- _Exercise aim_
Restate the data below word for word, omitting pictures.

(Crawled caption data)

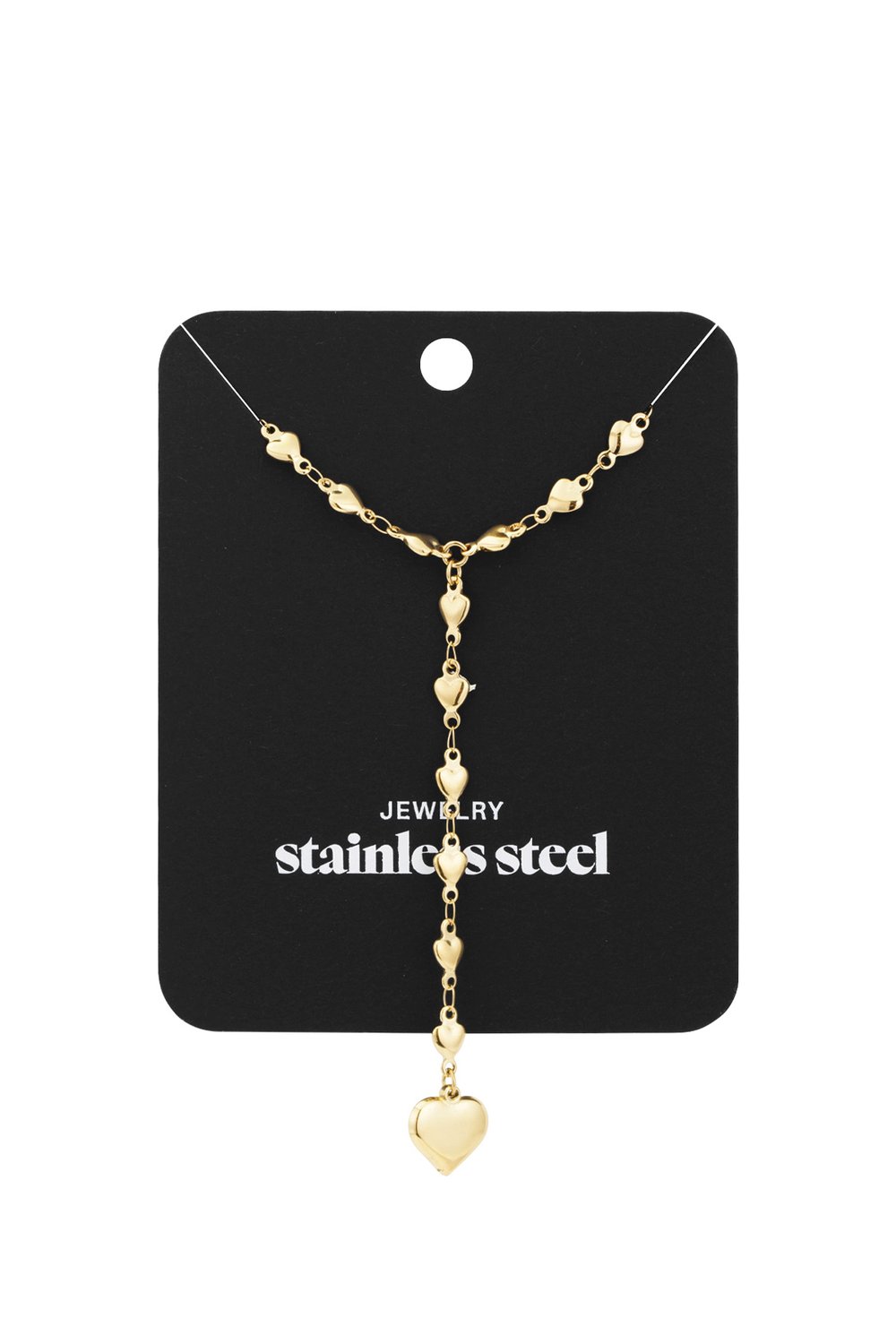 necklace sea of love h5Picture3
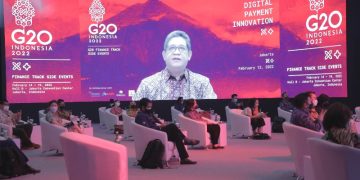 Peran QR Antar Negara Dalam Integrasi Keuangan ASEAN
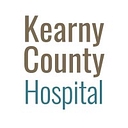 Kearny County Hospital logo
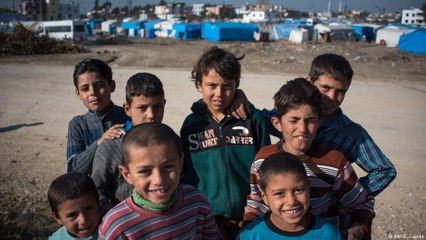 AB-Türkiye mülteci anlaşması etkili oldu mu?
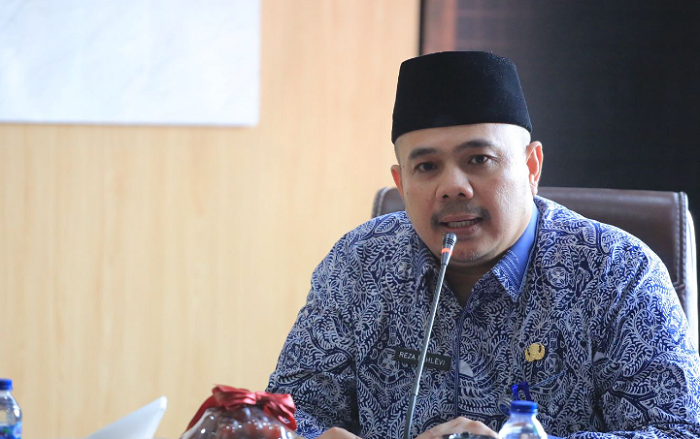 DLHK Ajukan Penambahan Armada Pemangkas Pohon di 2025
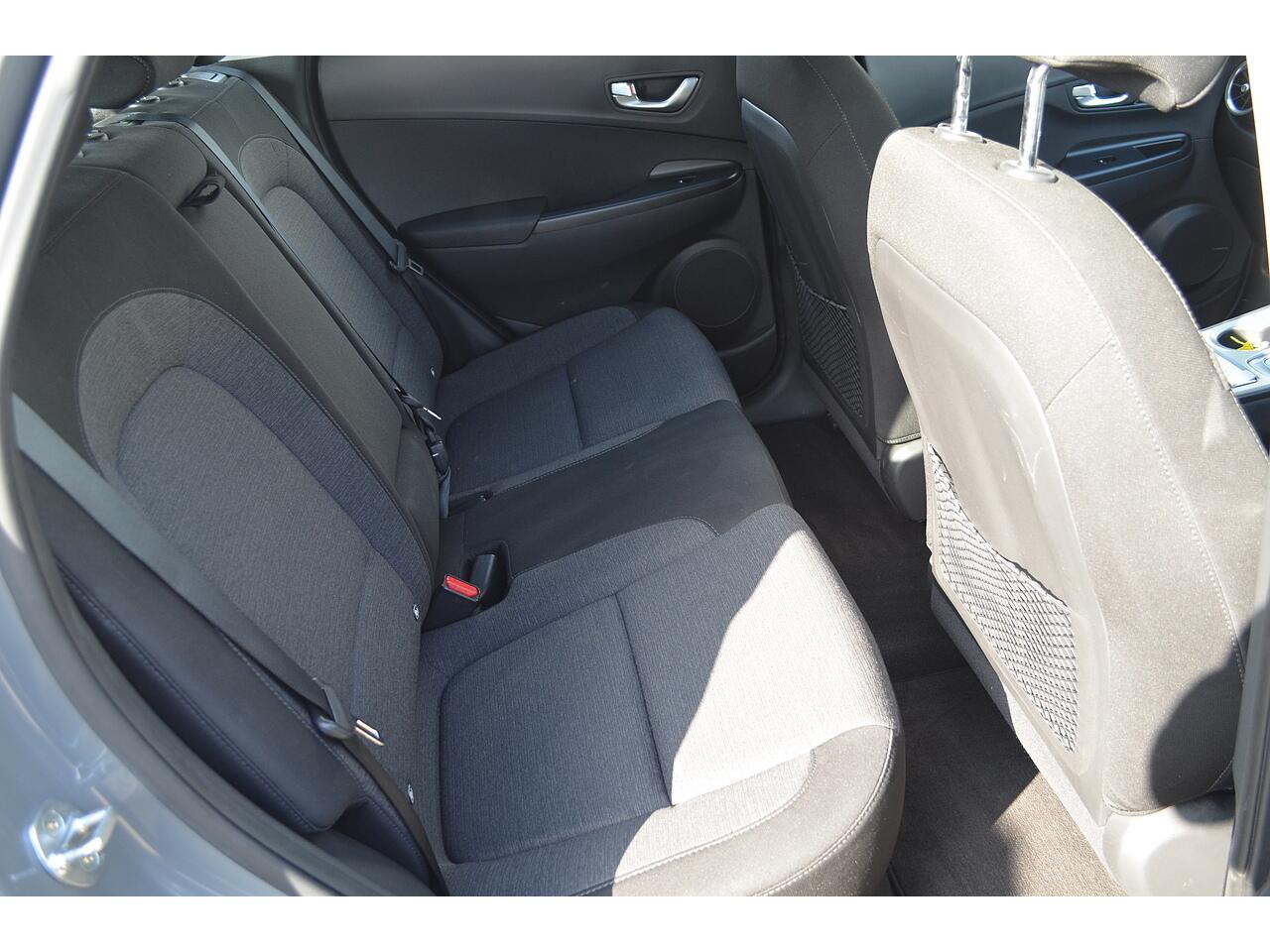 Hyundai Kona view 22
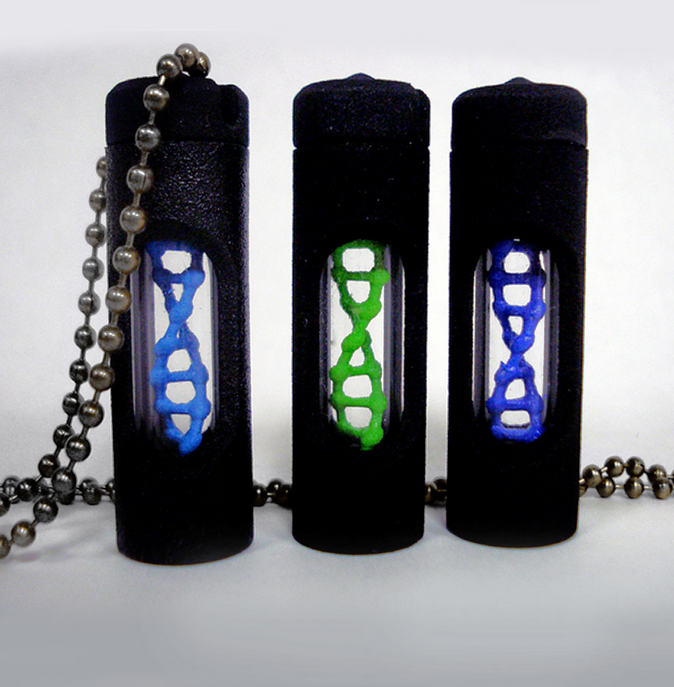 TimeWarpCreate's tweet image. On sale now!  Helix necklaces - check it out. tinyurl.com/Timewarphelix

- _Task solution_
 necklace sea of love h5Picture3
 Peran QR Antar Negara Dalam Integrasi Keuangan ASEAN
 Kearny County Hospital logo
 AB-Türkiye mülteci anlaşması etkili oldu mu?
 DLHK Ajukan Penambahan Armada Pemangkas Pohon di 2025
 Hyundai Kona view 22
 TimeWarpCreate's tweet image. On sale now!  Helix necklaces - check it out. tinyurl.com/Timewarphelix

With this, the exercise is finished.